Ma la vera motivazione va ricercata nelle parole del commissario tecnico durante la conferenza stampa immediatamente successiva alla finale. Tra una dimissione e l’altra, Prandelli ha spiegato come, nel corso della propria gestione, la Nazionale sia riuscita in qualche modo a “mascherare e camuffare i mali del calcio italiano”.

Già. Il primo malato è oggi la nostra Serie A: un campionato sempre più mediocre e squilibrato, con appeal pari a zero in Europa e dove la qualità del calcio tende sempre più a livellarsi verso il basso. Basti pensare a come la squadra che da tre anni domina in Italia, la Juventus, appena oltrepassa il confine di Chiasso si ridimensioni e soffra contro qualunque avversario, che si chiami Galatasaray, Benfica o Real Madrid. Per non parlare delle altre: le due milanesi (10 Coppe dei Campioni in totale), ad esempio, vivono uno dei momenti più neri della loro storia.

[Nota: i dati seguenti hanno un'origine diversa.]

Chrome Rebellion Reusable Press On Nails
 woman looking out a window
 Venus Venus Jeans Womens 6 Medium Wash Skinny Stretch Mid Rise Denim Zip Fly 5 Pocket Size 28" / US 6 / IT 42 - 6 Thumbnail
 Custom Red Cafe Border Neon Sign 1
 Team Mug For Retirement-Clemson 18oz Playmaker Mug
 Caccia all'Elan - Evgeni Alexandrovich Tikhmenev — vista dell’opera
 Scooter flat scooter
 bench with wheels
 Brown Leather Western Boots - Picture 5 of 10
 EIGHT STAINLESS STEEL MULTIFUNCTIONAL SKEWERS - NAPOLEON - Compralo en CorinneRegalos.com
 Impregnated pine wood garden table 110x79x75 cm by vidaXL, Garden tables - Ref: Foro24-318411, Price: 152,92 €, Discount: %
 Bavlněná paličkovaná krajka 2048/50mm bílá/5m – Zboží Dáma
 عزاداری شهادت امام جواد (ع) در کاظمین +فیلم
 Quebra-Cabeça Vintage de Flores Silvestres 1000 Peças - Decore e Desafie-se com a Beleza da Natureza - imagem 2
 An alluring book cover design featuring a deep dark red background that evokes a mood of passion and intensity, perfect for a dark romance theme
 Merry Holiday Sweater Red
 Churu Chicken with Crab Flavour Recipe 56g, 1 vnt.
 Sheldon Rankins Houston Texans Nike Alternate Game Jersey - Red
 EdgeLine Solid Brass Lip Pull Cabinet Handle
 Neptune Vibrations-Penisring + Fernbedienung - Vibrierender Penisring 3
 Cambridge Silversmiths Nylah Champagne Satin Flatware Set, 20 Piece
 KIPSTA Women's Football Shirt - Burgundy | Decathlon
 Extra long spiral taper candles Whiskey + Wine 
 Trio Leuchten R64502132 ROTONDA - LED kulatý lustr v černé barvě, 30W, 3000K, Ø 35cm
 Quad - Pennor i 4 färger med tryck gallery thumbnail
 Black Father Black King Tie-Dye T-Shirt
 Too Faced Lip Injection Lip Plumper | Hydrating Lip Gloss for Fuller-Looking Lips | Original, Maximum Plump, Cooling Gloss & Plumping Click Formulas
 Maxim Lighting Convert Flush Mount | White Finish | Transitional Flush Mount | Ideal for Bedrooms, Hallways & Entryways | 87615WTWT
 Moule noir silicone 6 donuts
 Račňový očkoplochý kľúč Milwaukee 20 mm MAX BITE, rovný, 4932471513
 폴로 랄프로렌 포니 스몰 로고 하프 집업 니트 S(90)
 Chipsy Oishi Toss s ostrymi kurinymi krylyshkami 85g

Tutto questo non può che riflettersi sulla nazionale: il blocco Juve, che aveva fatto le fortune degli azzurri sia nel 1982 sia nel 2006 è apparso mai come oggi inadeguato a questi livelli. Quello che più lascia perplessi, tuttavia, è che all’orizzonte non si vedono né rose né arcobaleni: il ritornello del “ripartire dai giovani” tiene fino a un certo punto perché se i giovani sono quelli che abbiamo visto in Brasile (eccezion fatta per Verratti) non si va da nessuna parte.

I nostri under 25 non sono all’altezza dei pari età stranieri perché militano in un campionato che non è assolutamente competitivo. I più bravi, infatti, se ne vanno: Immobile è solo l’ultimo di una lunga lista che ha visto emigrare nell’ordine Balotelli, Santon, Verratti e Sirigu.

Le dimissioni di Prandelli hanno inoltre sancito il fallimento di un progetto tecnico piuttosto innovativo: quello del tiki-taka all’italiana, ovvero il tentativo di assorbire l’inimitabile modello spagnolo adattandolo alle caratteristiche dei nostri giocatori. Sembrava un nuovo inizio, vista la grande cavalcata di Euro 2012 che ha portato l’Italia al secondo posto. Si è rivelato, invece, un fuoco di paglia: è lo stesso tiki-taka, infatti, ad essere entrato in crisi sia a livello di nazionali (Spagna) sia a livello di club (Barcellona e, in misura minore, Bayern Monaco, strapazzato in Champions dal Real di Ancelotti).

Ad oggi, francamente, non si vede una via d’uscita: il futuro Ct, di cui per ora si ignora l’identikit, avrà l’arduo compito di rimettere insieme i cocci dopo una spedizione sciagurata come Brasile 2014. Auguri.